Jennifer Marks, Editor-in-Chief -- Home Textiles Today, 3/7/2010 12:00:00 AM

A year ago, in the depth of the industry's despair, I had a conversation with the head of a longtime brand marketing company. With consumers unwilling to buy anything but food and antacids, I wondered, what was the state of the branding business?

Quite busy, he said. The idea was to put as many branding deals in place as possible during the year so everybody would be ready to fire in 2010, when the economy would presumably start looking better.

Boy, howdy, was he on the mark. At this week's New York Home Fashions Market the industry is offering up brand introductions by the busload.

Brand-itis has exploded across American businesses of all stripes over the past several years.
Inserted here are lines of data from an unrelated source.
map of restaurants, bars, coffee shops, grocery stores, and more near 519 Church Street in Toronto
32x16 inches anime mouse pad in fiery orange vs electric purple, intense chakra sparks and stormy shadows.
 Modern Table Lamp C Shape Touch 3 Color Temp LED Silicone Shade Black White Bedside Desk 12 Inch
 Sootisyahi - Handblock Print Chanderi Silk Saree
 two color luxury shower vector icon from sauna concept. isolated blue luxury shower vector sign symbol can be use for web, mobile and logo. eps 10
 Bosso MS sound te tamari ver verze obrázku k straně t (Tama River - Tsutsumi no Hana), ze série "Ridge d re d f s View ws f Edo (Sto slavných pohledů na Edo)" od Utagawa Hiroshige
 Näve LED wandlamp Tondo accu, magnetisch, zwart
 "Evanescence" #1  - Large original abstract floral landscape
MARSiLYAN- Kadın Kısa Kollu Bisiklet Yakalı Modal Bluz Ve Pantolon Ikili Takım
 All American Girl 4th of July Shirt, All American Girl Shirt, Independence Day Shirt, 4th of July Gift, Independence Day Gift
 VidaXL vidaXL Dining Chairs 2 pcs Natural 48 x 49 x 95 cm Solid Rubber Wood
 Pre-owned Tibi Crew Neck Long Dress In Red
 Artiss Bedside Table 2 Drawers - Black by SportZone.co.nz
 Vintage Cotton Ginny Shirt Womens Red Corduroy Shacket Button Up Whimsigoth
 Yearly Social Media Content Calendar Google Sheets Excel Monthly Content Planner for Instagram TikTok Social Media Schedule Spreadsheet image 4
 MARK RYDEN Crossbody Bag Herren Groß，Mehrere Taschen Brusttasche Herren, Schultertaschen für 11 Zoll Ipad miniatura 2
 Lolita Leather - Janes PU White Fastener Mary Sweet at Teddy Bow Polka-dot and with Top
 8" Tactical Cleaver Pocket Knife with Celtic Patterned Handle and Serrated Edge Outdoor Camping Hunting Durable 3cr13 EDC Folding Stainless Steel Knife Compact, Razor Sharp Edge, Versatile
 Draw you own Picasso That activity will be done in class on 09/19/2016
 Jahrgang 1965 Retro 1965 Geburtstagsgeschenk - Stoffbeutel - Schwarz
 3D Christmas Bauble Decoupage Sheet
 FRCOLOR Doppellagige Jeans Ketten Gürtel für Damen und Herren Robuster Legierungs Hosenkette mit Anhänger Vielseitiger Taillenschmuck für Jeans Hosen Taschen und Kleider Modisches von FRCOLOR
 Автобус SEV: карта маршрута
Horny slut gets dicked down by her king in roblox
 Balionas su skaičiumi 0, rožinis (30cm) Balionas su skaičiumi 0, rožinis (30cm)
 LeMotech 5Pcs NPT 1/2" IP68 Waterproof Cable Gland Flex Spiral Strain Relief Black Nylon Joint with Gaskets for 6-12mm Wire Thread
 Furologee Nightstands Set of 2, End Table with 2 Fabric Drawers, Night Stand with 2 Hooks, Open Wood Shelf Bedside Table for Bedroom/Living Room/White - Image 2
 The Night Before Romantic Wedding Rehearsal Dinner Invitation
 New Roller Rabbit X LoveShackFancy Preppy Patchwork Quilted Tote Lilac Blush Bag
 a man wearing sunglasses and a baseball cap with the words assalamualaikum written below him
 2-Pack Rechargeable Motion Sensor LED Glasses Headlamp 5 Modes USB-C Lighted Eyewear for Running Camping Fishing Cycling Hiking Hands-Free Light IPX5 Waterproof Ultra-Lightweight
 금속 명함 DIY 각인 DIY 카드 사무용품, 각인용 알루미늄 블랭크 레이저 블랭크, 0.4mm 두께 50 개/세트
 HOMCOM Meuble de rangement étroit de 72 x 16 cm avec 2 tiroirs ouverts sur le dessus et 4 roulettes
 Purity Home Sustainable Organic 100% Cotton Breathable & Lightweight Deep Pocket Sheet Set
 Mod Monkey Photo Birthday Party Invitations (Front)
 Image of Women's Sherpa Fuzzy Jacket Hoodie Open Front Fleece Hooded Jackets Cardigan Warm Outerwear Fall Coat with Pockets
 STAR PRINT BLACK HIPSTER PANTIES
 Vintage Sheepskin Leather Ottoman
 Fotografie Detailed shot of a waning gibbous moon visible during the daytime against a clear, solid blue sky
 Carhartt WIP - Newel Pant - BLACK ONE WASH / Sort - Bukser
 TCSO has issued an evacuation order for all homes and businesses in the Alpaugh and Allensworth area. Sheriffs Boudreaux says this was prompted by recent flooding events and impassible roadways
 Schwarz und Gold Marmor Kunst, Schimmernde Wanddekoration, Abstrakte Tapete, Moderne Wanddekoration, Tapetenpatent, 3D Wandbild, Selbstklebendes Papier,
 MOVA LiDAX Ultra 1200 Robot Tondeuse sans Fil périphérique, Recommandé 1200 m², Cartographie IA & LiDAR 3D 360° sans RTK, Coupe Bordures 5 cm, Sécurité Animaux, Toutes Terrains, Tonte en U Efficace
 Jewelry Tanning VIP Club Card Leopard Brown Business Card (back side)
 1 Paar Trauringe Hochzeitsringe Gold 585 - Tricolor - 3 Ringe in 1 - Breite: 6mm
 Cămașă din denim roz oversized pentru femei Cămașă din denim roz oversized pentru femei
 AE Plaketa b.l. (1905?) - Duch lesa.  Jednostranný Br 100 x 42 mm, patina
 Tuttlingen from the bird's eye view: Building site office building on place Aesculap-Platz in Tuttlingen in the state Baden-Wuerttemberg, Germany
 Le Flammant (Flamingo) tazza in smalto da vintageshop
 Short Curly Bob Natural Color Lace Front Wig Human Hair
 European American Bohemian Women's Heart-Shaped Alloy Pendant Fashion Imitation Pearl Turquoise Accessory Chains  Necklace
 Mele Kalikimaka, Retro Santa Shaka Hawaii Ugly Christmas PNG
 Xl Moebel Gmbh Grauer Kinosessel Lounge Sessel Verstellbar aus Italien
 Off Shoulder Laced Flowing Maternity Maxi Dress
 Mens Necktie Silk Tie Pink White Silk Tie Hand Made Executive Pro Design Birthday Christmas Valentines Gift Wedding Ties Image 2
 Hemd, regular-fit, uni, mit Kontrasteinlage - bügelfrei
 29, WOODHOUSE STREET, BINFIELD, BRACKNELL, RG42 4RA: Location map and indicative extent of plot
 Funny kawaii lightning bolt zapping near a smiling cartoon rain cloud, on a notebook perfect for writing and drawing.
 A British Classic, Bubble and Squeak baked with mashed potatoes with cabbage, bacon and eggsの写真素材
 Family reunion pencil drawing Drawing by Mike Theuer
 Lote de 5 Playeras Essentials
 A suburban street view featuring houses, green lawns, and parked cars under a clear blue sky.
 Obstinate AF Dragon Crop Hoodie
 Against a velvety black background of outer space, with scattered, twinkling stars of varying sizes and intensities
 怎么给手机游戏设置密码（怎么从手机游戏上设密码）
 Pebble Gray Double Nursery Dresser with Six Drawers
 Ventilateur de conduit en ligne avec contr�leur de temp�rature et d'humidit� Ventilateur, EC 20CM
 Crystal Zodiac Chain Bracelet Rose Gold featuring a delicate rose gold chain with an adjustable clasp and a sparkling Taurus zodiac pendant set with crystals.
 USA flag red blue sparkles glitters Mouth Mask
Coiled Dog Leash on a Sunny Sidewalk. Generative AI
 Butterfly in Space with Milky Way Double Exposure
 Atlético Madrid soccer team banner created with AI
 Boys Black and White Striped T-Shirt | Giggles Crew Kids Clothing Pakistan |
The company name is the brand. The retailer is the brand. The experience is the brand. Even HTT's parent company refers to its publications not as newspapers or magazines but as brands.

There's some validity to the approach. Brands have reputations, evoke prior experience, represent a known quality, offer continuity and reliability.

We don't tend to create brands any more; we just swap them around. What was the last high-impact brand introduction in America? I'm coming up with iPhone, Twitter and Facebook but not much else.

Look, I don't want to wring my hands in lament here. We have to deal with the world as it is. Few people create new brands because the process is expensive and risky. People buy and sell brands because it's profitable to do so. If there are no longer enough consumers in the market willing to buy a marquee brand at its marquee construction and price, it's perfectly understandable that the brand would rescale itself to suit a broader group of customers.

After all, we, the American consumers, voted for this. We voted to skip the local hardware store in favor of the new Home Depot on the edge of town. We drove past the independent book shop on our way to Barnes & Noble. We were heartbroken when the third-generation pizza parlor closed its doors, then we picked up the phone and called Dominos — again.

We live in the world we made. And many, many consumers are perfectly happy with it.